Lo ha fatto con una lettera indirizzata al presidente del Consiglio comunale, Carlo Benedetti, in cui spiega che “la decisione scaturisce dal fatto che ho presentato la lista dei candidati alla carica di consigliere comunale promossa dall’Alleanza per l’Italia”.
“Tale attività – ritiene Calderoni – è astrattamente incompatibile con la funzione del difensore civico, che ha giurato all’assise comunale di essere indipendente e al di sopra delle parti, sicché credo di dover depositare questo documento per osservare il giuramento pronunciato in ossequio all’alta magistratura cui sono stato eletto”.
“Ringrazio il Consiglio comunale per la fiducia che mi volle unanimemente accordare e spero di essere riuscito a fare quanto necessario e opportuno. Ringrazio i funzionari e i dipendenti del municipio, per aver sempre accordato la loro collaborazione fattiva e preziosa.

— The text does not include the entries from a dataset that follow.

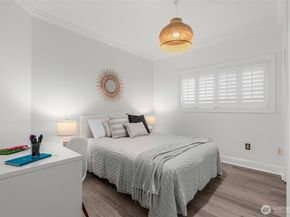 1823 Queen Anne Avenue N 202, Seattle WA 98109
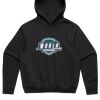 AS Colour - Box Minus Hood Thumbnail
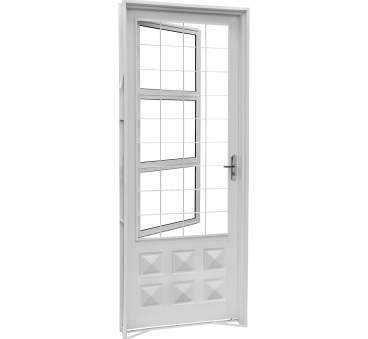 Porta_De_Aco_Ideal_GElo_Ptg_84X215X65_Crv_Portas_8035880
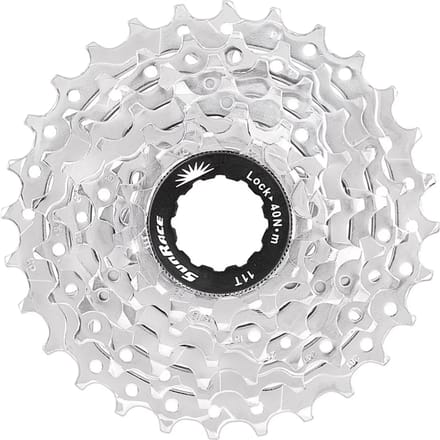 Tape Sunrace Shimano Csm66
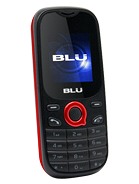 Best available price of BLU Bar Q in Customer-service-client-dskbank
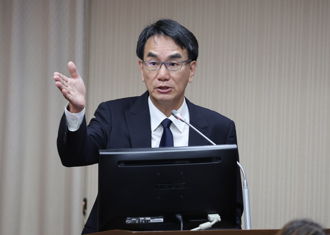 校园禁TikTok？ 数发部：拟在中小学WiFi遮蔽限制使用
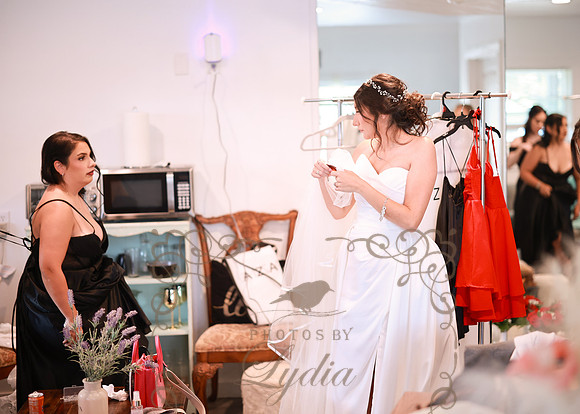 Pre Ceremony-13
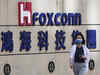 Foxconn's July sales drop 1.23% on-year, Q3 outlook better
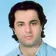 دکتر حسین علی سلطانی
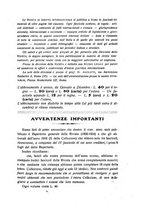 giornale/LO10011321/1926/unico/00000307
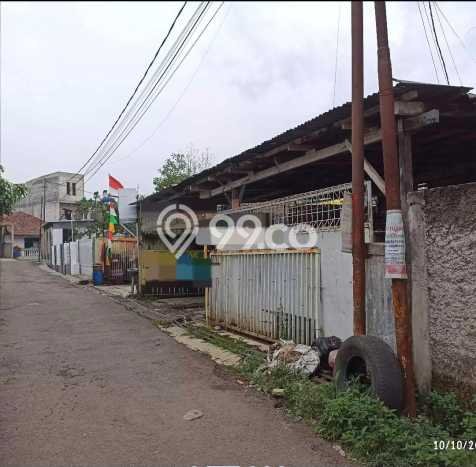 Dijual Cepat Rumah Favorit Siap Huni LB 204m2 di Cimahi Utara, Cimahi Dijual Cepat Rumah Favorit Siap Huni LB 204m2 di Cimahi Utara, Cimahi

Per me è stato un grande onore aver prestato servizio per i cittadini dell’Aquila – conclude – li ringrazio per avermi insegnato fierezza e dignità, in uno dei periodi più difficili della storia civica”.
Calderoni era uno dei potenziali competitori alle primarie di centrosinistra insieme al sindaco uscente, Massimo Cialente, poi risultato vincitore, e il primario dell’ospedale San Salvatore Vittorio Festuccia, ma la sua candidatura venne annullata per un’incompatibilità riferita proprio al suo ruolo di difensore civico.